Based on previous studies using ultrasound intervention for speech sound disorders, no harm to the participants is anticipated. In rare cases, some people may have an allergic reaction (contact dermatitis) to the gel [24]. If this is observed, the gel can be substituted with water. If water does not achieve a sufficiently good ultrasound image, then the participant may be discontinued from the trial. If any adverse consequences are observed, they will be recorded in the participant’s clinical notes and reported to the NHS ethics committee using standard procedures. The ethics committee and the university ethics committee can audit the trial at any time. The study has been granted ethics approval by the West Midlands-South Birmingham Research Ethics Committee, reference number 21/WM/0104.

Dissemination policy

The results from this study will be published in academic journals, such as The Cleft Palate Craniofacial Journal, Clinical Linguistics and Phonetics. Additionally, results will be presented at academic and clinical conferences such as the International Congress of Cleft, Lip and Palate and Related Craniofacial Anomalies, and the conference of the Royal College of Speech and Language Therapists, where it will reach both an international and a local audience of clinicians.

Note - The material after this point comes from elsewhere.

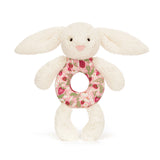 Jellycat Blossom Cream Bunny 'Berry' Ring Rattle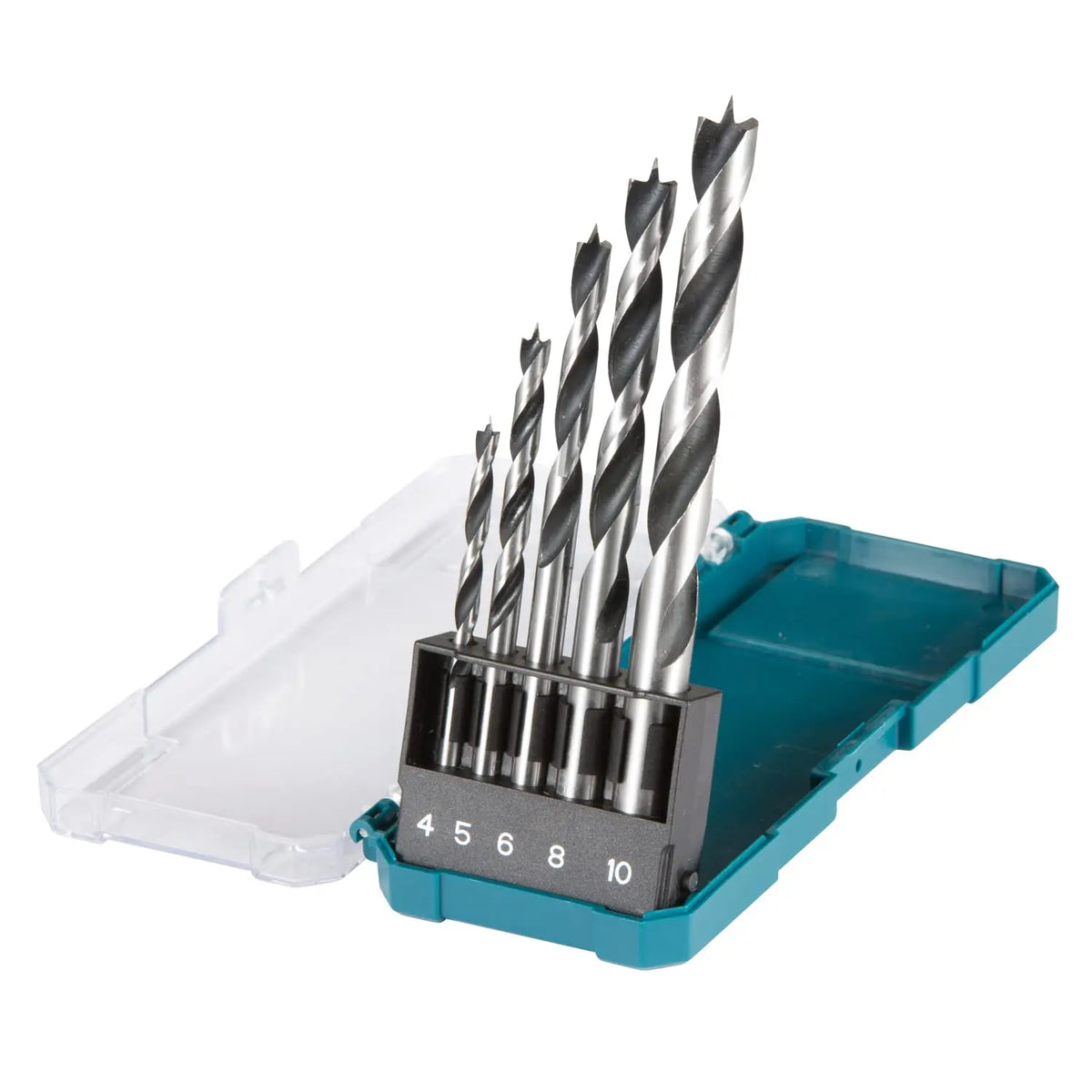 Makita Drill Bit D-72861 5 Piece Brad Point Wood Set 4 5 6 8 10mm Bits Deal For Any Occasion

The protocol, statistical code and the anonymized final numerical dataset will be made available publicly on the University of Strathclyde’s open access repository “PURE”. Protocol changes will be reported to the trial registry and the ethics committee.

Discussion and summary

This pilot feasibility study will determine whether a full-scale randomized control trial comparing ultrasound visual biofeedback to treatment as usual (articulation intervention) for the treatment of cleft speech characteristics is feasible. Prior studies such as [21] suggest that children with CLP can tolerate ultrasound recordings and studies such as [14] suggest good retention in ultrasound intervention, with only one child in this study lost to follow-up. We therefore predict that the objectives outlined above will be met, and if this is the case a full-scale, adequately powered, multi-center RCT will be warranted. Within this planned larger RCT, we hypothesize that U-VBF will show quicker acquisition of speech sounds in error, leading to shorter time in intervention, reduced frustration for patients, and cost savings. Nevertheless, there are some potential limitations to the current study. Firstly, it is not known how acceptable randomization will be to patients and carers, and it is possible that carers will express a preference for the trial intervention, given the novelty of the technology used in U-VBF [23]. To mitigate this, patients will be offered U-VBF at the completion of the study, if their speech errors remain. A previous study trialing a similar technology-based intervention with children with Down syndrome showed that no children were lost to follow-up in either arm of the trial when this was offered [32]. A further limitation of the current study, which cannot be completely mitigated, is a potential preference from the treating clinicians for one intervention over the other, in particular the trial intervention. This could lead to increased outcomes in the trial intervention, which are not due to the visual biofeedback per se, but more to increased motivation in the intervention sessions [33]. Finally, a recent move towards more use of telehealth due to the COVID-19 pandemic, means that U-VBF is disadvantaged compared to articulation intervention, because it is a behavioral intervention which requires hardware and therefore only be can only be carried out in person, rather than over video-conferencing. It therefore currently may be more difficult to recruit to a trial which involves travel to a hospital or university.

In conclusion, this feasibility study will determine whether a larger trial comparing U-VBF and Articulation Intervention is both feasible and acceptable to patients and their carers. Notwithstanding the limitations, we predict that achieving the success objectives related to recruitment, retention, and acceptability outlined above will motivate a full scale RCT which in turn seeks to determine whether U-VBF shows improved outcomes over treatment as usual for speech disorders associated with cleft lip and palate.